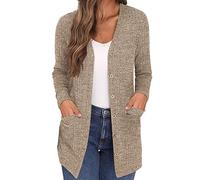 Angxiwan Daily Deals Clearance Cardigans for Women UK Autumn and Winter Solid Color Loose Long Sleeve Pocket Cardigan Coat Women's Clothing Lightning Deals of The Day Khaki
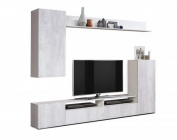 Шкаф многоцелевого назначения Олмеко Прага-3 Белый Бетон пайн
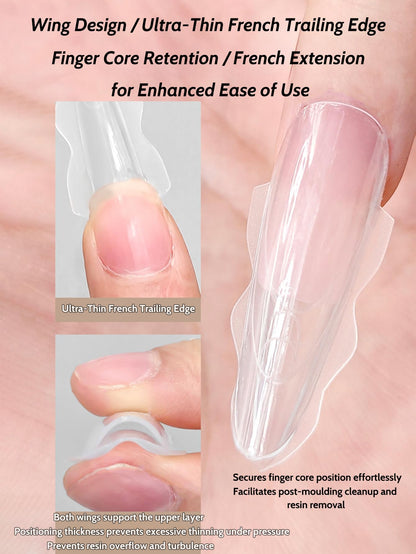 Klimonla Sandwich Dual Nail Forms Professional Sandwich Dual Forms-240Pcs Long Stiletto Nail Mold for Fast Extension,15 Sizes Reusable Salon Manicure Tools (240pcs F50s)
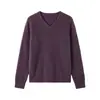 Suéter de punto de lana sin costuras con cuello en V para mujer, otoño e invierno, suéter holgado de manga larga de forro polar, top básico de estilo casual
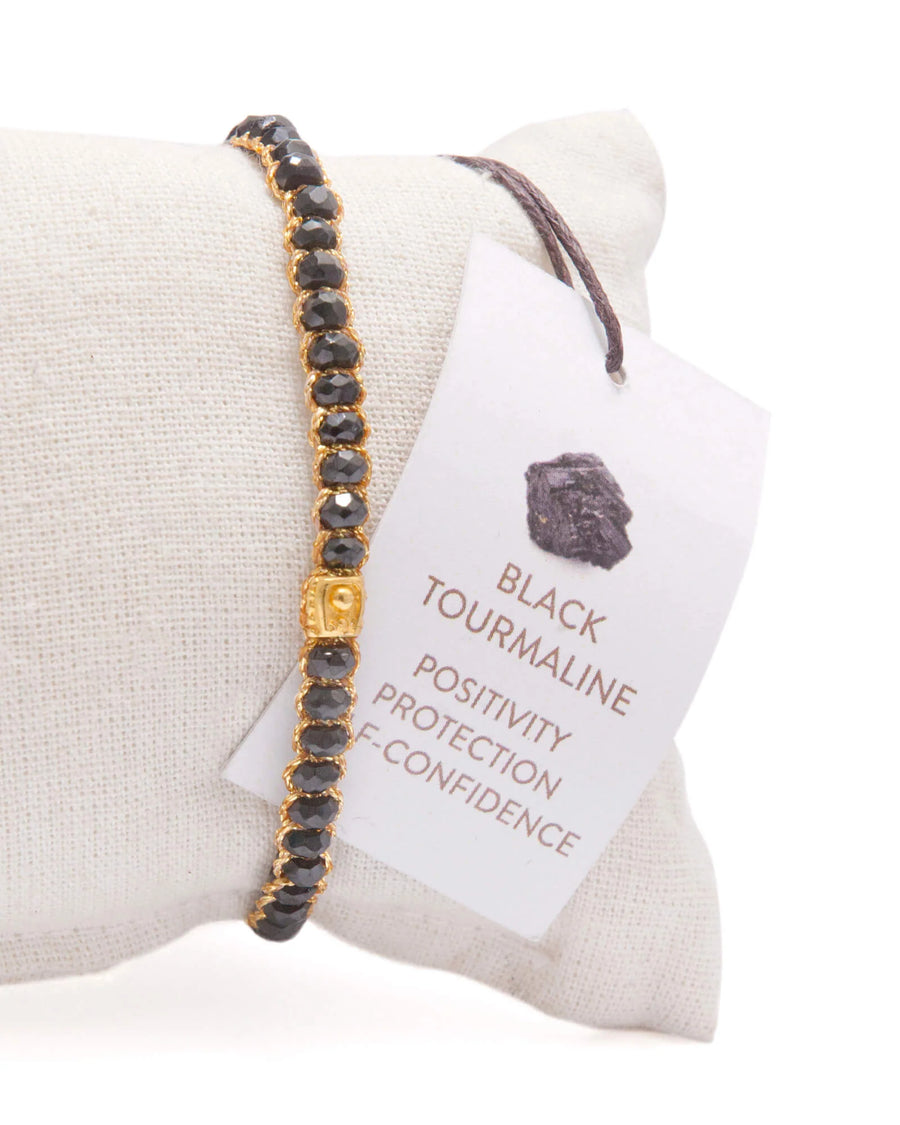 Black Tourmaline Bracelet | Gold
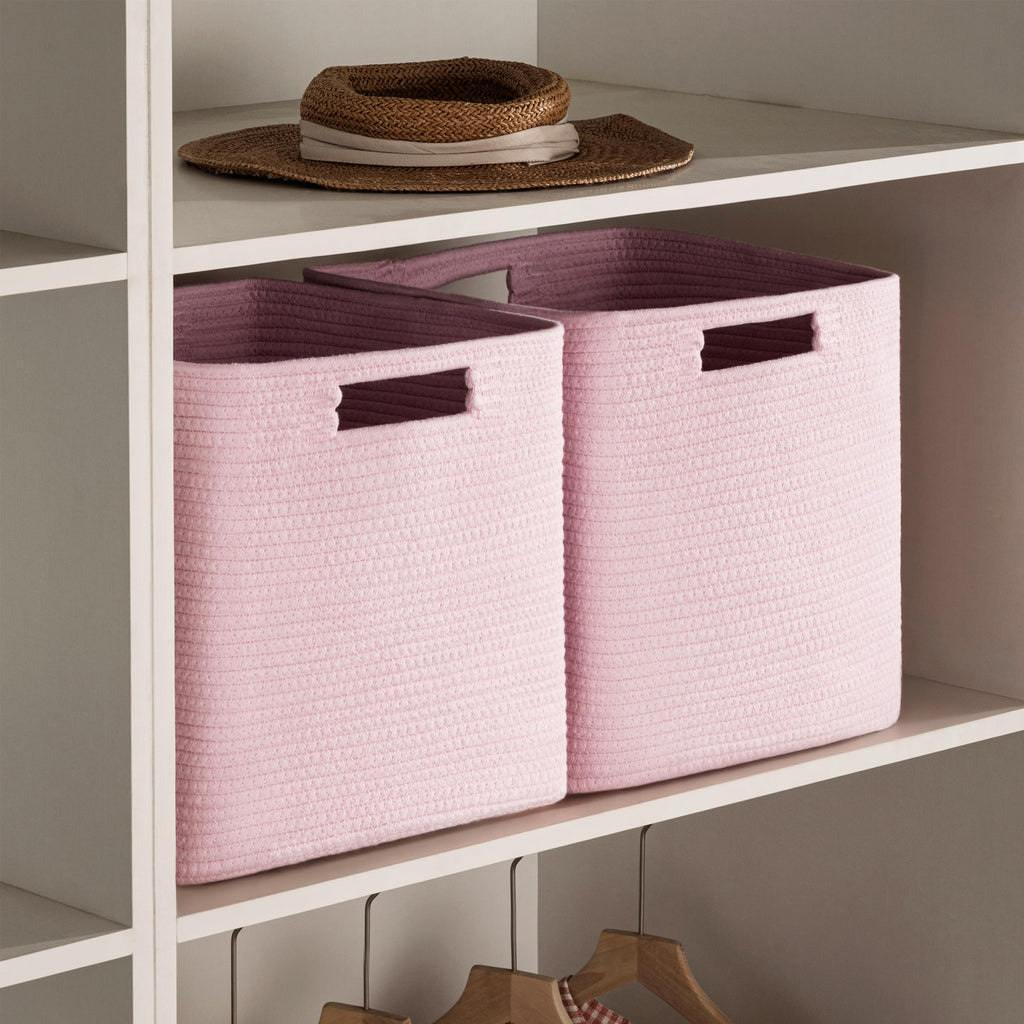 HBlife Set of 4 Storage Cubes-11 X 10.5 X 10.5 In, Cotton Rope Basket for Shelves, Toys, Book, Cube Storage Bin with Handles, Woven Storage Basket for Organizing, Beige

□ □ □ □ □ □ □

▶ WHAT THE TASK REQUIRES:
When you copy the lines above, drop the pictures and keep everything else exact.

▶ SOLUTION FOR THIS TASK:
 Angxiwan Daily Deals Clearance Cardigans for Women UK Autumn and Winter Solid Color Loose Long Sleeve Pocket Cardigan Coat Women's Clothing Lightning Deals of The Day Khaki
 Шкаф многоцелевого назначения Олмеко Прага-3 Белый Бетон пайн
 Klimonla Sandwich Dual Nail Forms Professional Sandwich Dual Forms-240Pcs Long Stiletto Nail Mold for Fast Extension,15 Sizes Reusable Salon Manicure Tools (240pcs F50s)
 Suéter de punto de lana sin costuras con cuello en V para mujer, otoño e invierno, suéter holgado de manga larga de forro polar, top básico de estilo casual
 Black Tourmaline Bracelet | Gold
 HBlife Set of 4 Storage Cubes-11 X 10.5 X 10.5 In, Cotton Rope Basket for Shelves, Toys, Book, Cube Storage Bin with Handles, Woven Storage Basket for Organizing, Beige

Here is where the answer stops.